If found this information that make me question and believe that the above described situation will fall under "operated in France".

"
The term "operated in France" means an entity which carries on a regular business in France, either in an autonomous establishment or, if there is no establishment, through representatives without independent professional status, or as *part of operations forming a complete business cycle. *

Therefore, a permanent establishment (including a branch) in France is always subject to corporate tax in France.
"



https://www.oecd.org/tax/automatic-exchange/crs-implementation-and-assistance/tax-residency/France-EN-Tax%20Residency.pdf



///

*Questions:*
A. Will the case above without any income derived in France but the company controlled and managed within France fall under *the place of operation in France *and thus be tax resident in France? 

B. *If selling the business later* as stock sale and for that tax year becoming tax resident in another country (Not falling under the exit tax rules in France, hence under 6 years in France last 10 years) will there be any tax to be paid on capital gains or other tax implications in France?


----------



## Bevdeforges (Nov 16, 2007)

I'm not sure of the exact impact on your situation, but be aware that France distinguishes between a personne morale (i.e. a business entity, association or other "legal person") and a personne physique, which is a living breathing human being. 

As far as the French are concerned, if you are the one "operating a business in France" it really doesn't matter where you customers are, how you are paid or where, etc. You are considered tax resident in France - for both the personne physique and the personne morale. Now, I suppose the personne morale (i.e. the C corp.) could be said to be the owner of the actual business that is operating in France, but you still need a French business entity to register for taxes (and "payroll taxes" aka "cotisations"). And, it depends on the type of business entity you have established in France whether the taxes are simply flowed through your French personal income tax forms (and thus you would be responsible for the cotisations) or if the business entity declares and pays its own taxes, and thus you only need include your "salary" on your French tax declarations as salary. 

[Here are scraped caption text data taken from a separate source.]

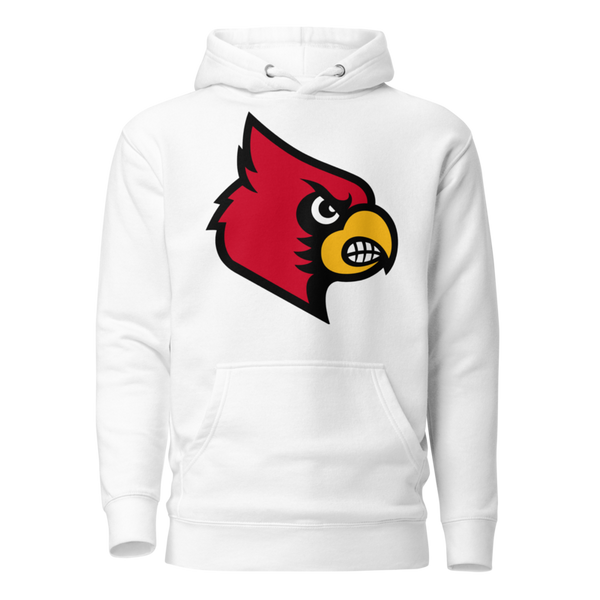Unisex Hoodie - 1 - White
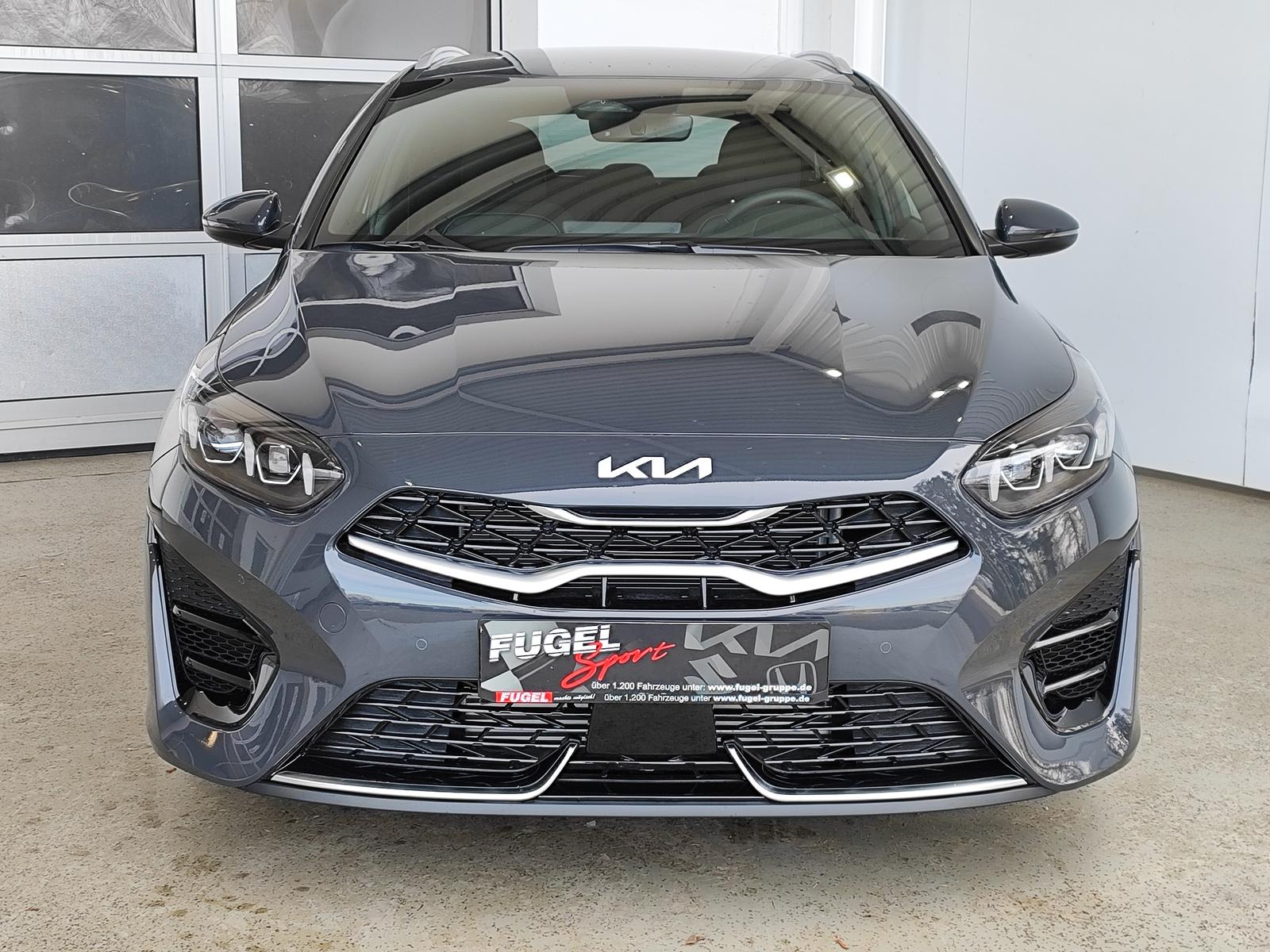 Kia cee'd Sportswagon – Bild 29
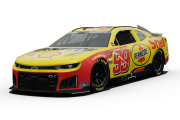 Logano 2025 Base Chevy converted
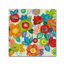 « decorative floral brillante crop », art sur toile Louane-32714188
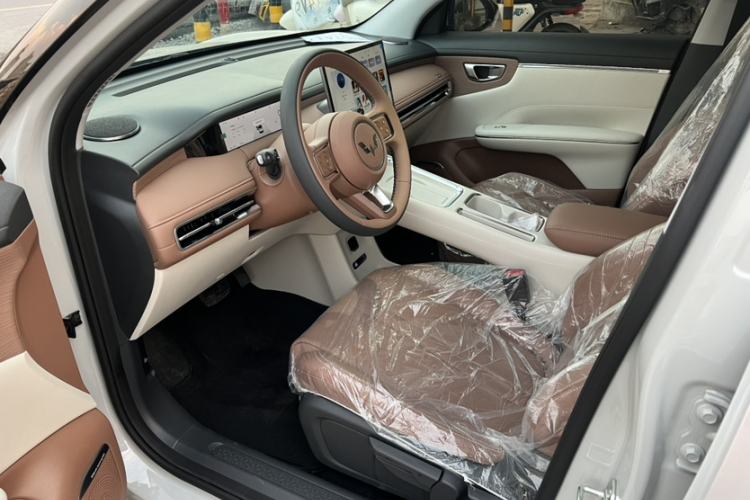 Used Wuling Bingo S 2025 Model 325km Deluxe Edition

You may want to talk to the CCI in your area to get clarification on just how your business in France is (or should be) set up.


----------



## L337 (5 mo ago)

Thank you for your answer, that is very interesting information.

With this information in mind, I still do not understand the full picture and if this will be applicable to the situation described above. Will, of course, reach out to a professional later on, to get everything verified.

By products, I mean physical goods sold directly to the consumer, directly shipped from China to a warehouse in the US. What I do not understand is the strict definition of "*business activity in France*" and "*transactions that are part of a complete business cycle*" in France.

It is easy to understand that any work done by a freelancer or similar would have "business activity in France," but I do not see a clear line when having an online shop selling exclusively to US customers with all transactions within the US. In my head, business activity in France would be someone performing a service or selling a product to a customer within French territory. 

I guess it is all up to the strict definition of "Business activity in France".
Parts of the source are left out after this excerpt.